Incydenty nad Bałtykiem

Na początku kwietnia rosyjskie samoloty Su-24 przeleciały 20 razy nad niszczycielem USS Donald Cook znajdującym się na wodach międzynarodowych na Bałtyku. 

Informacje o incydencie przekazały źródła amerykańskie. Incydent wydarzył się na wodach międzynarodowych w odległości 70 mil morskich (ok. 130 km) od Kaliningradu. USS Donald Cook wyszedł 11 kwietnia z portu w Gdyni.

Z kolei w ubiegłą niedzielę amerykańskie dowództwo sił zbrojnych w Europie poinformowało, że samolot RC-135 podczas wykonywania rutynowego lotu w międzynarodowej przestrzeni powietrznej nad Bałtykiem został przechwycony przez rosyjski myśliwiec Su-27, który niebezpiecznie zbliżył się do maszyny i "wykonał nieobliczalne i agresywne manewry". Z relacji rzecznika amerykańskiego dowództwa w Europie Danny'ego Hernandeza dla CNN wynika, że rosyjska maszyna zbliżyła się do RC-135 na odległość ok. 15 metrów.

STORYFUL/x-news

Rada NATO-Rosja powstała w 2002 roku na mocy ustaleń zawartych w tzw.
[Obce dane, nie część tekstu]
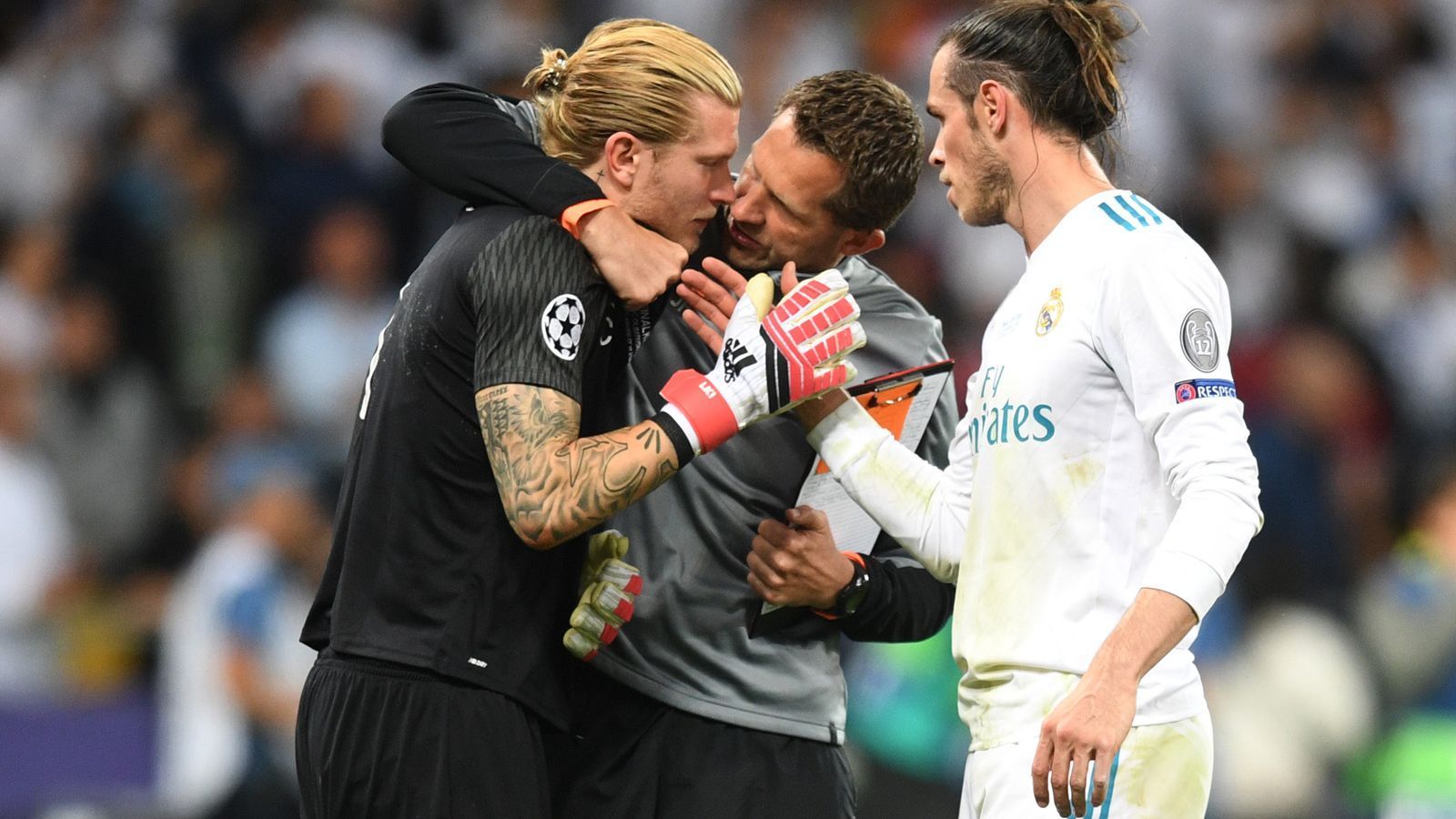 
                <strong>Karius ist untröstlich</strong><br>
                Nach Abpfiff versuchen Gegner und Mitspieler Karius zu trösten. Keine Chance.  Der ehemalige Mainzer weint bitterlich.
              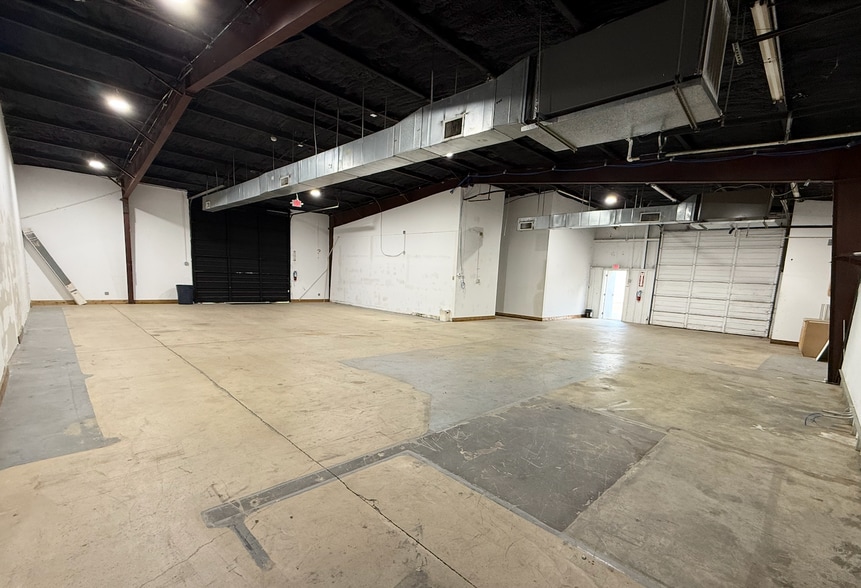 More Photos Of 15926 Cypress North Houston Rd, Cypress Industrial For Lease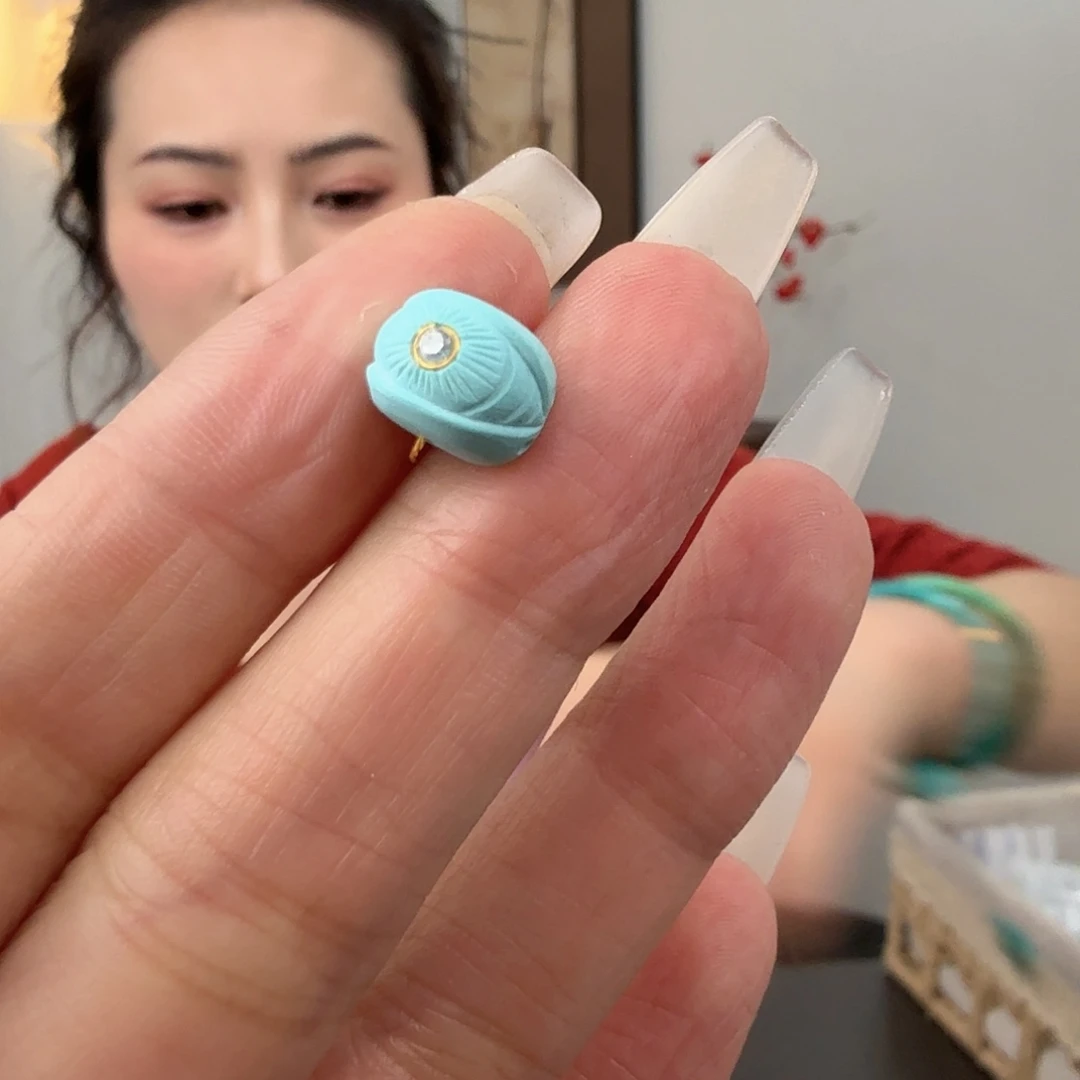 绿松石未镶嵌珠宝奇石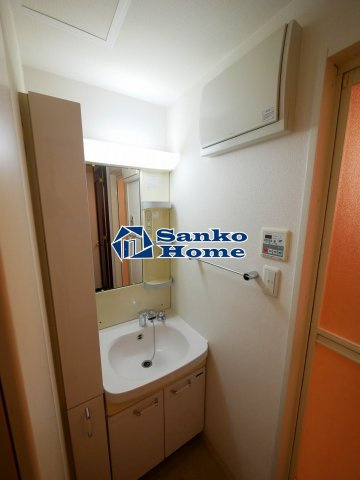 レジディア銀座東の独立洗面台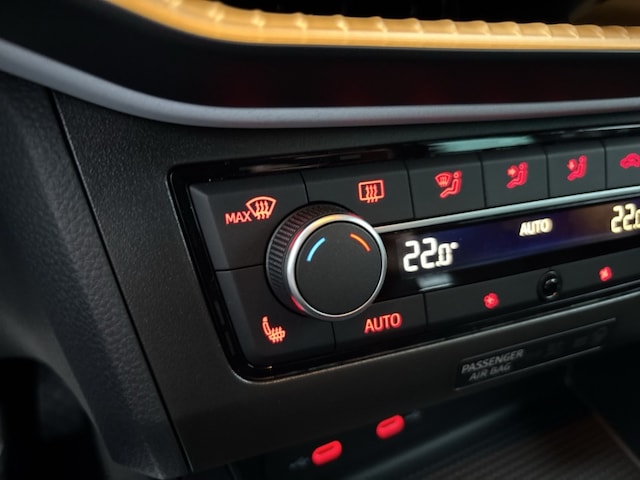 Seat Ibiza Road Edition 1,0 Navi Digitales Cockpit LED ACC Apple CarPlay Android Auto Mehrzonenklima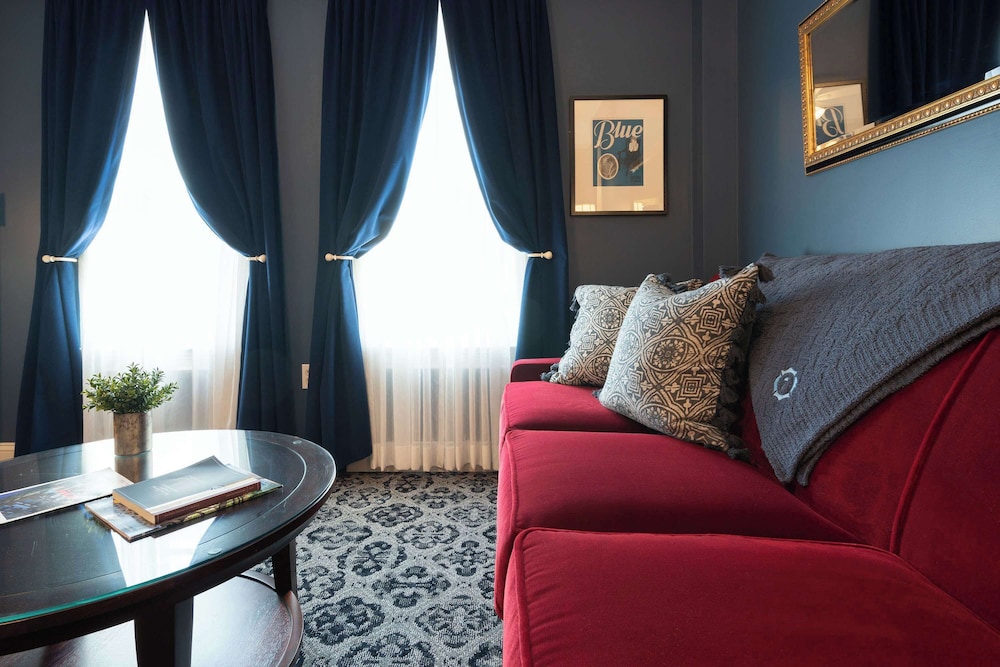 Superior Room (King with Sofa Bed) - Photo 2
Deklaracji Rzymskiej jako forum dla konsultacji w kwestiach związanych z bezpieczeństwem i współpracą między państwami członkowskimi NATO i Federacją Rosyjską. Po aneksji Krymu przez Rosję i rozpoczęciu działań militarnych na wschodzie Ukrainy w 2014 roku NATO zawiesiło cywilną i wojskową współpracę z Moskwą. Kontakty w ramach Rady NATO-Rosja zostały obniżone do szczebla ambasadorów. Od wybuchu konfliktu ukraińskiego odbyły się dwa spotkania z udziałem ambasadorów - w marcu i czerwcu 2014 roku.